(Crawled caption data)
● ● ●

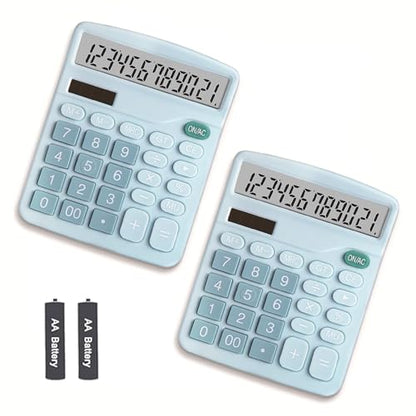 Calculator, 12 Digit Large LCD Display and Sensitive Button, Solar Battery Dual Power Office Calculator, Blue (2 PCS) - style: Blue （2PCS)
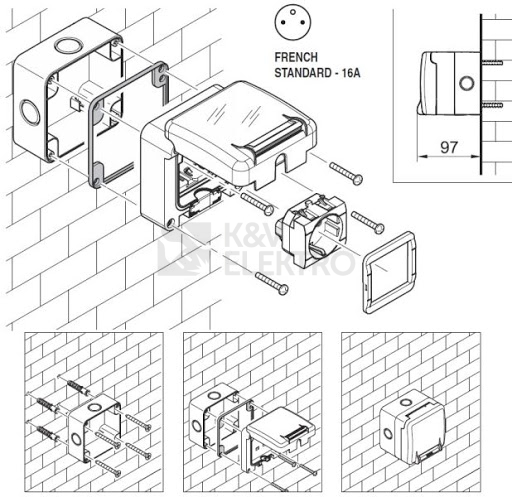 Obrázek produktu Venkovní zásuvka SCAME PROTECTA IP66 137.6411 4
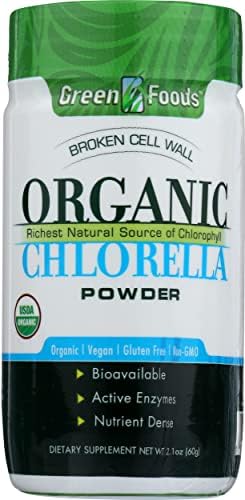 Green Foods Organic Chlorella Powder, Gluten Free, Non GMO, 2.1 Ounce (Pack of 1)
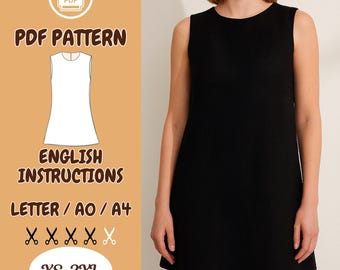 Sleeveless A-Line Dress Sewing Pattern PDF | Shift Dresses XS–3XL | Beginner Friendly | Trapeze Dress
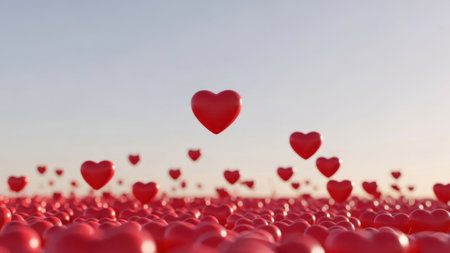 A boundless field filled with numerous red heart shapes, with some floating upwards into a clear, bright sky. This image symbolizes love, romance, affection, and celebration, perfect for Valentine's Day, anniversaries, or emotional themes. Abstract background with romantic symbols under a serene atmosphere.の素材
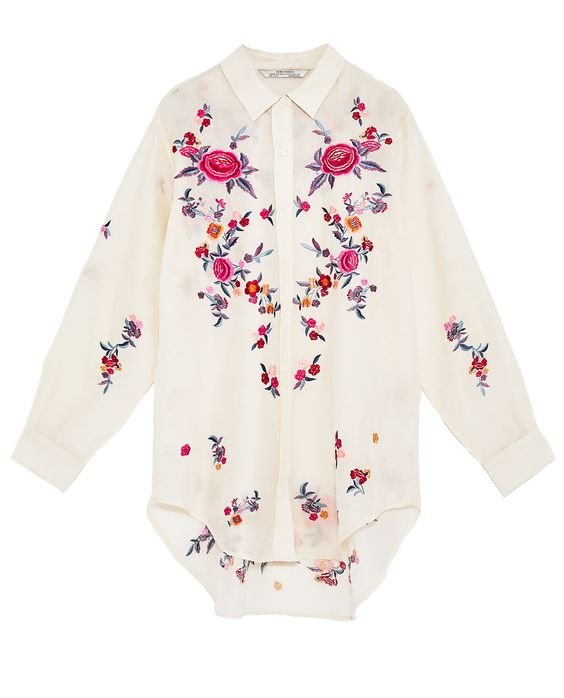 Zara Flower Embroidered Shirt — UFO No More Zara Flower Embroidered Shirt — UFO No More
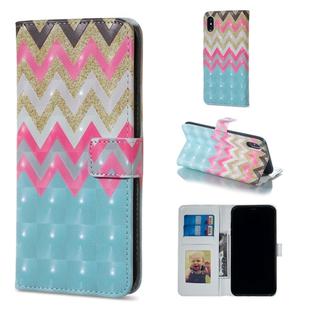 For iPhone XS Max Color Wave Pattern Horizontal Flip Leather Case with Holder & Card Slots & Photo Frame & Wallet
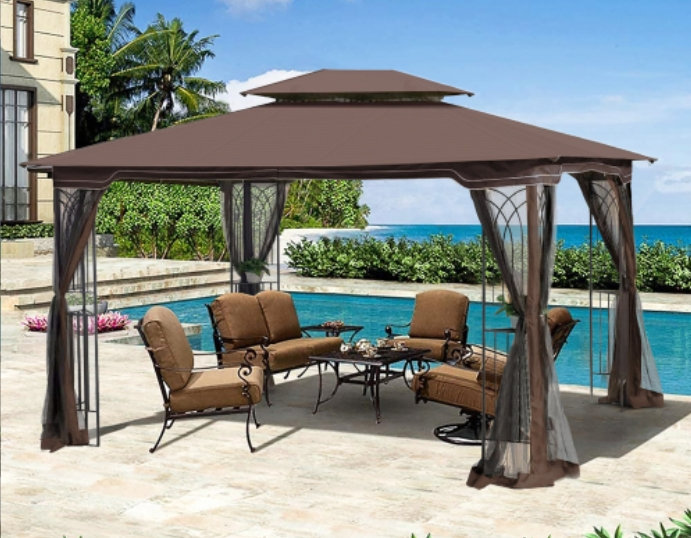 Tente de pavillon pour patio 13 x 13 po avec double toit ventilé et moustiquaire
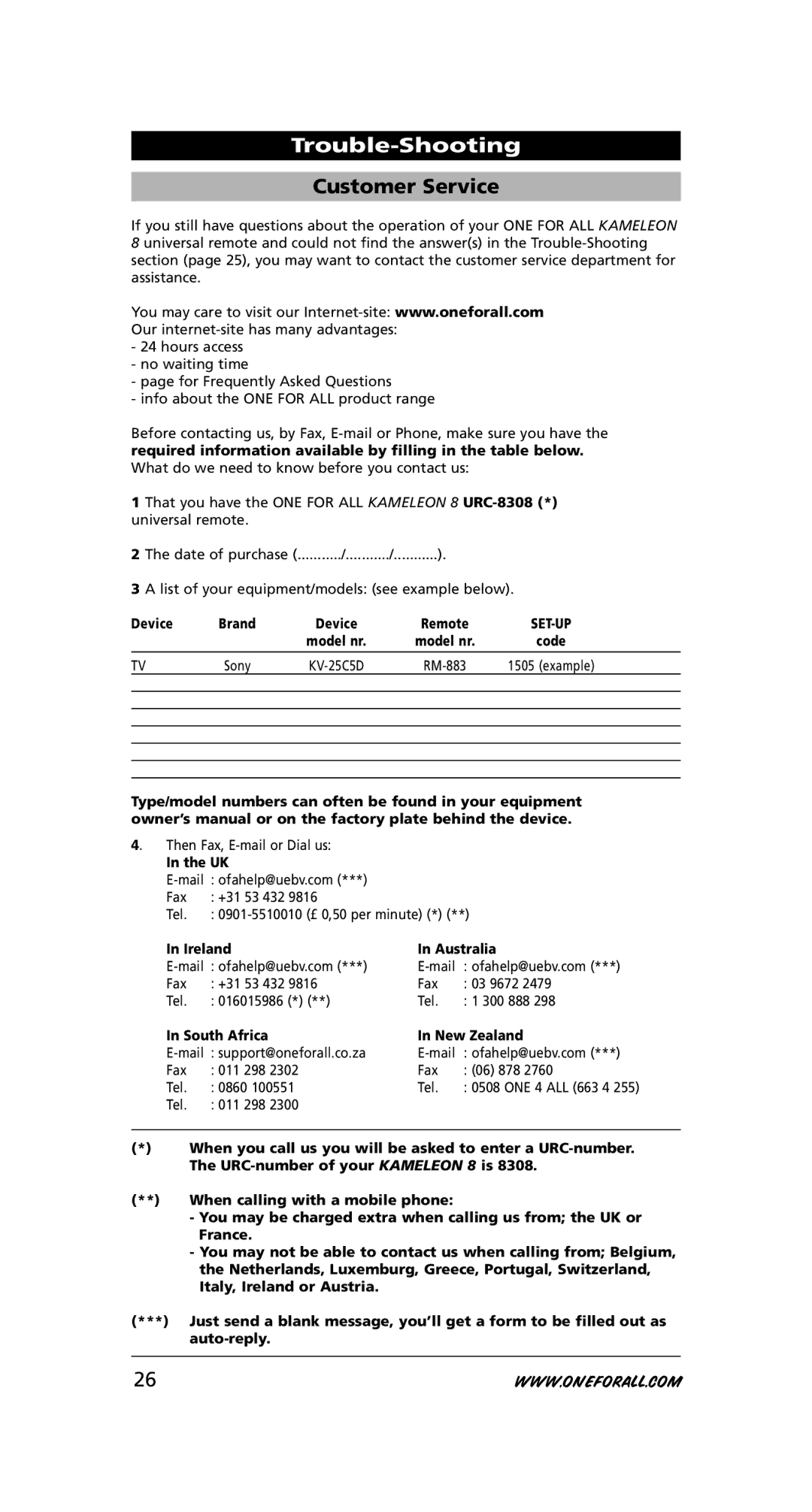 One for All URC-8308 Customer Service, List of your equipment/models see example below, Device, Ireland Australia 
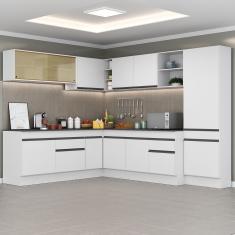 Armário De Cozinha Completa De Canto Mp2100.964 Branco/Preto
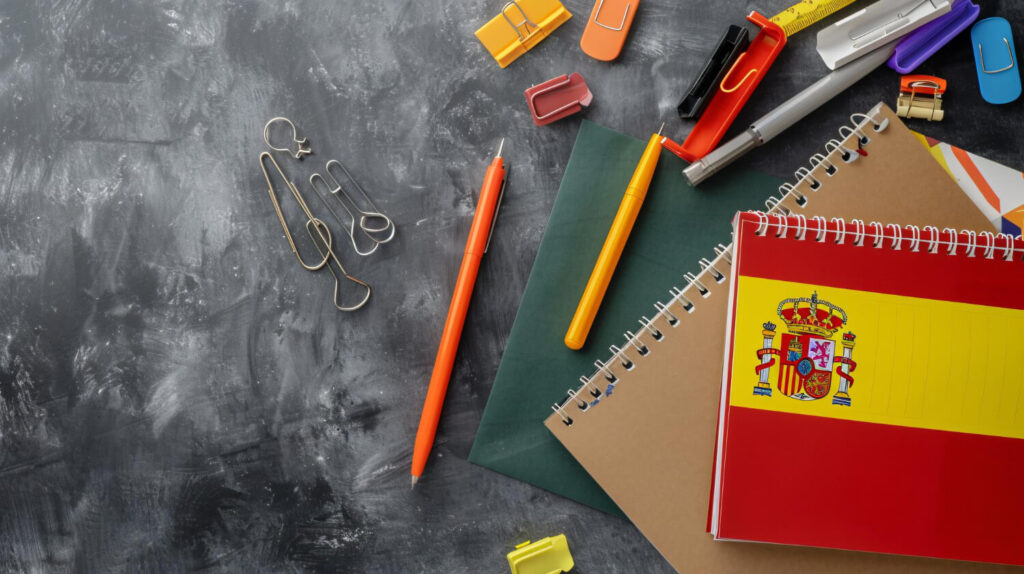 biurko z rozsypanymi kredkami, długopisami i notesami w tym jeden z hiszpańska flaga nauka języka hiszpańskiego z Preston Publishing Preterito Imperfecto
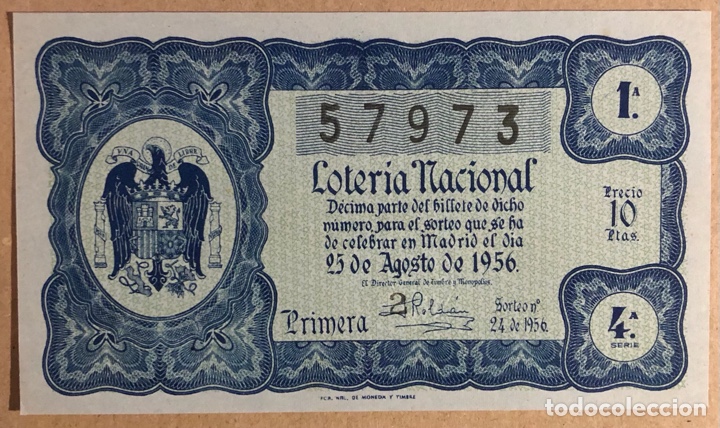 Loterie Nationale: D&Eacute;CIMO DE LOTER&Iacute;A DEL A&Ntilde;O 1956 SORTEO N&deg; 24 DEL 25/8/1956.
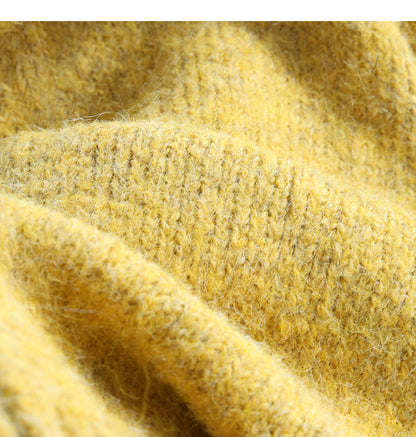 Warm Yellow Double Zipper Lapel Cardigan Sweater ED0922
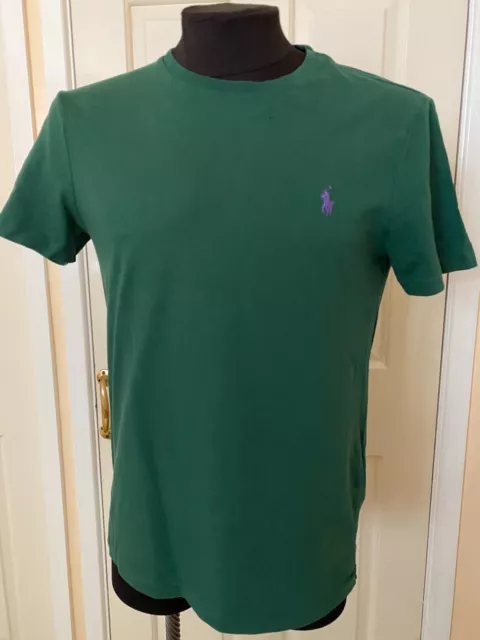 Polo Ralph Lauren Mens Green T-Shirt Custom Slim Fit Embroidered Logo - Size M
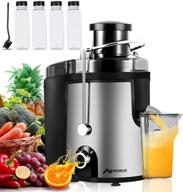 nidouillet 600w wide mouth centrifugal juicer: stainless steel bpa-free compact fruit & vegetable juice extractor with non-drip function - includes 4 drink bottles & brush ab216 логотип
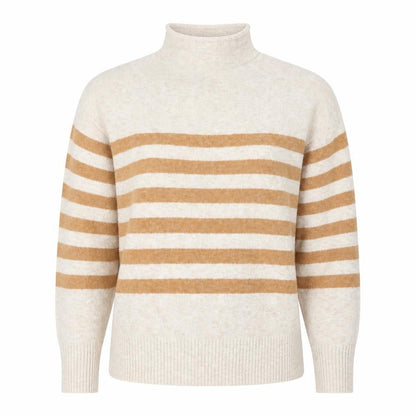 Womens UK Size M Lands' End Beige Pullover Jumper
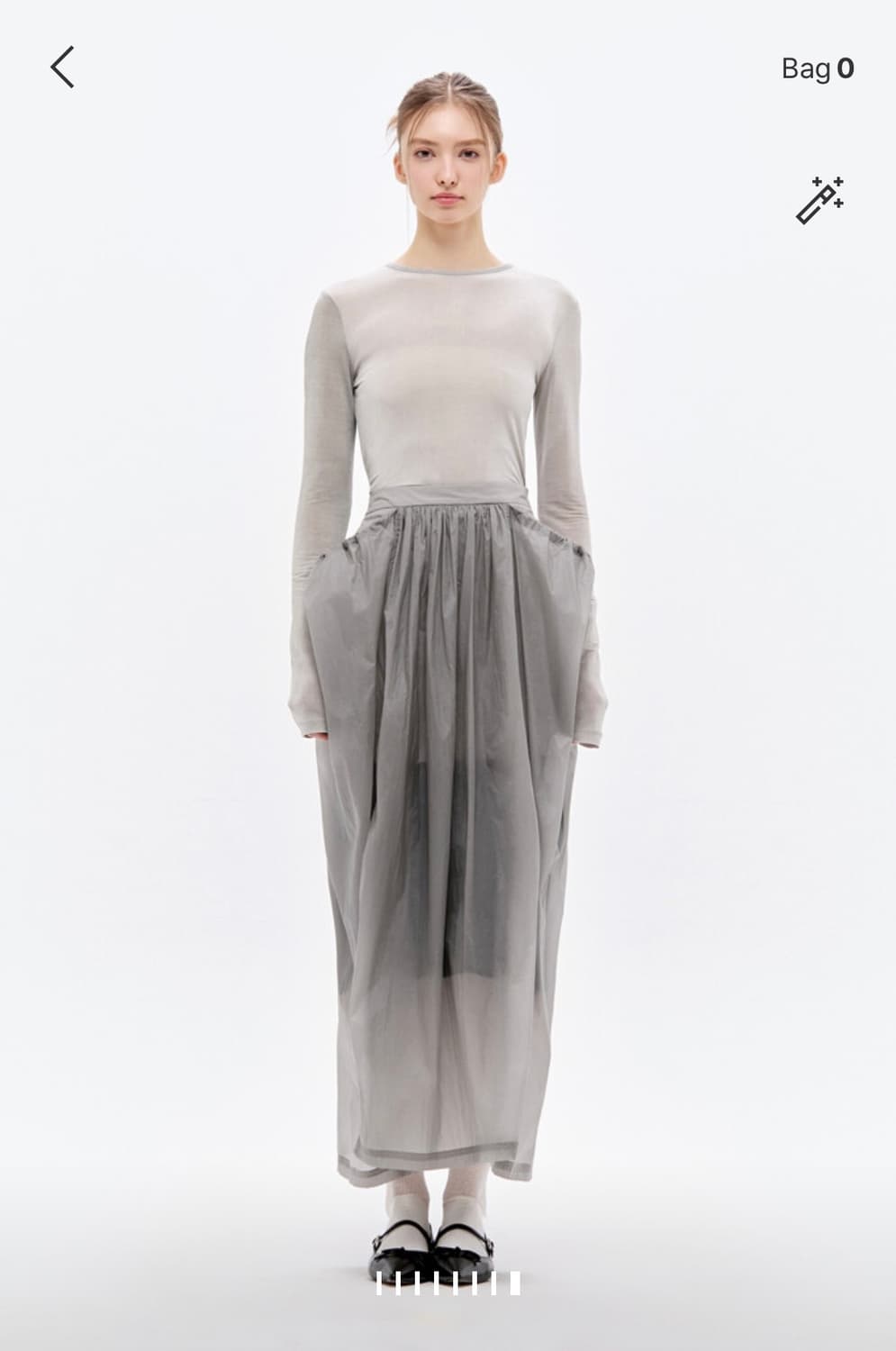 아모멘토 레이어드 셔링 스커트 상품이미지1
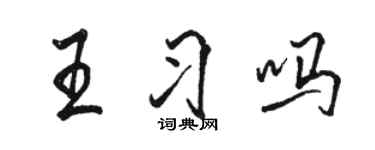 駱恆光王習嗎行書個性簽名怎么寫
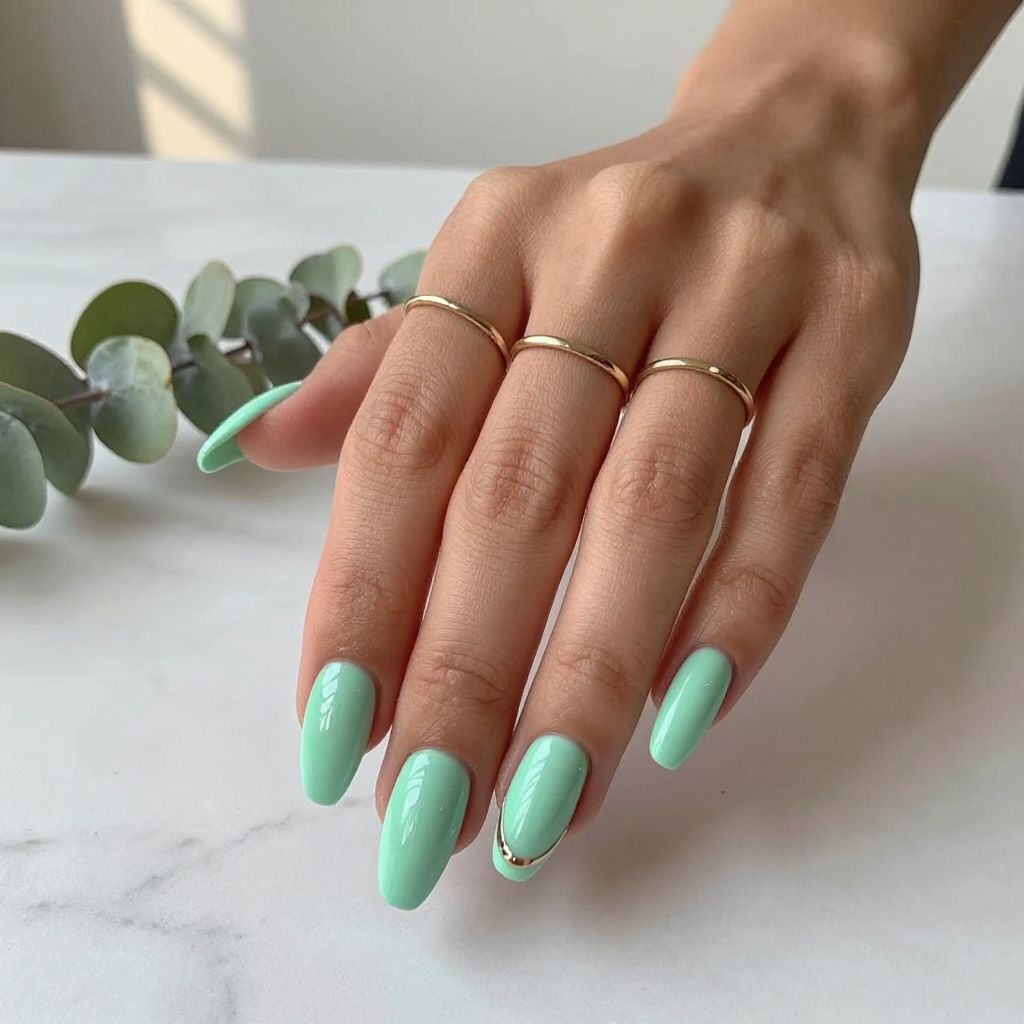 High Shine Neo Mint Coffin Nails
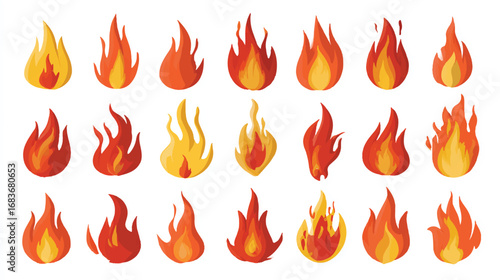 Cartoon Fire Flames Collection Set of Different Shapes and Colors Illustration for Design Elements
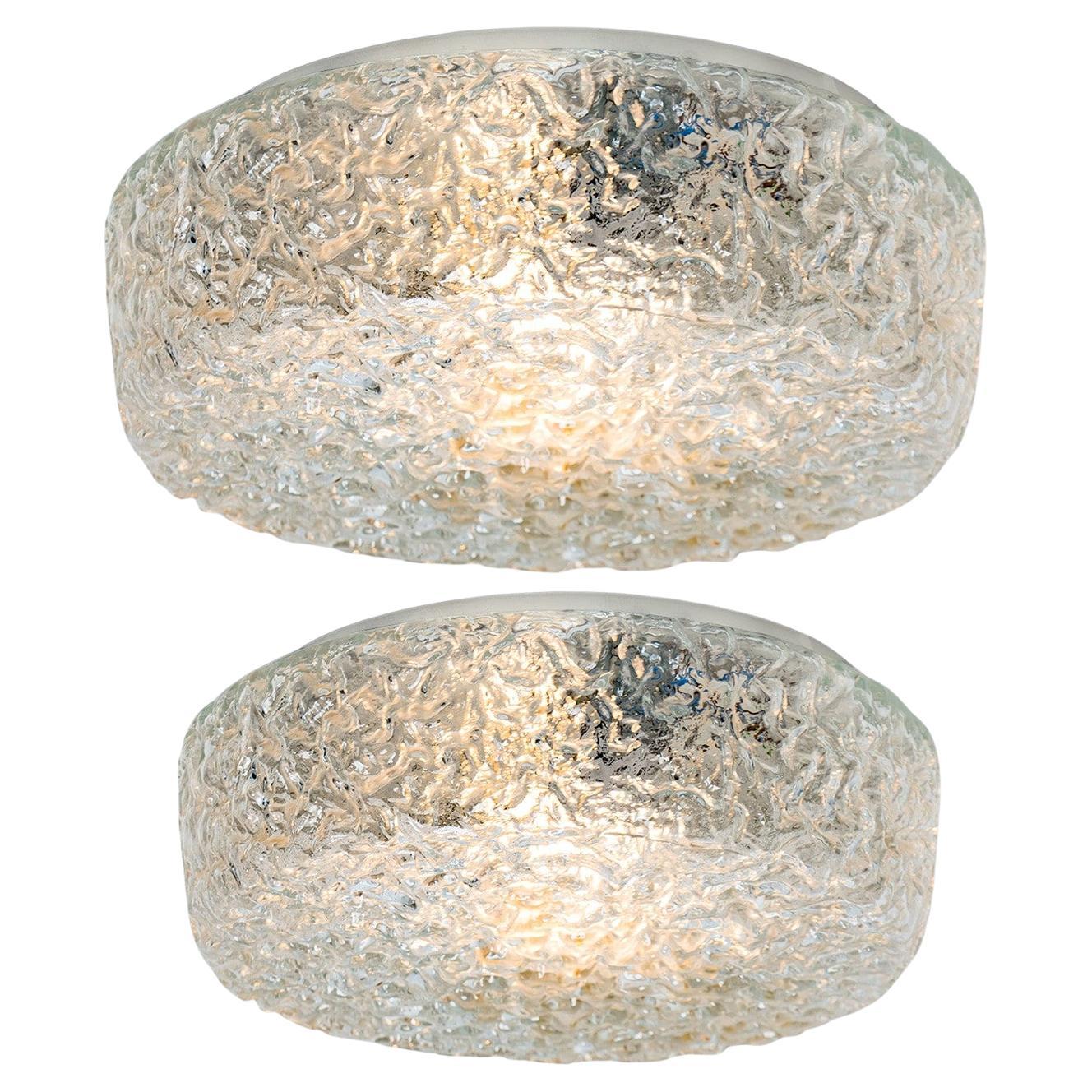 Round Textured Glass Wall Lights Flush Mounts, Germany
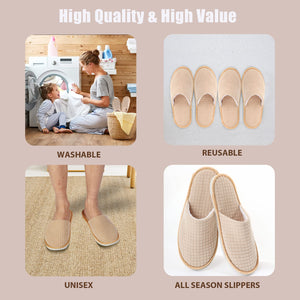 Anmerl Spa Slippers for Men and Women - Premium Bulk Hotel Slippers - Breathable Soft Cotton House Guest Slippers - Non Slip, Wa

● ● ●

Look above for the line with "Obrázek produktu Venkovní"; quote it and every line after it, stopping after the line with "A boundless field", exactly, with nothing added and without pictures.

■ **Solution for this problem**:
 Obrázek produktu Venkovní zásuvka SCAME PROTECTA IP66 137.6411 4
 Green Foods Organic Chlorella Powder, Gluten Free, Non GMO, 2.1 Ounce (Pack of 1)
 Sleeveless A-Line Dress Sewing Pattern PDF | Shift Dresses XS–3XL | Beginner Friendly | Trapeze Dress
 A boundless field filled with numerous red heart shapes, with some floating upwards into a clear, bright sky. This image symbolizes love, romance, affection, and celebration, perfect for Valentine's Day, anniversaries, or emotional themes. Abstract background with romantic symbols under a serene atmosphere.の素材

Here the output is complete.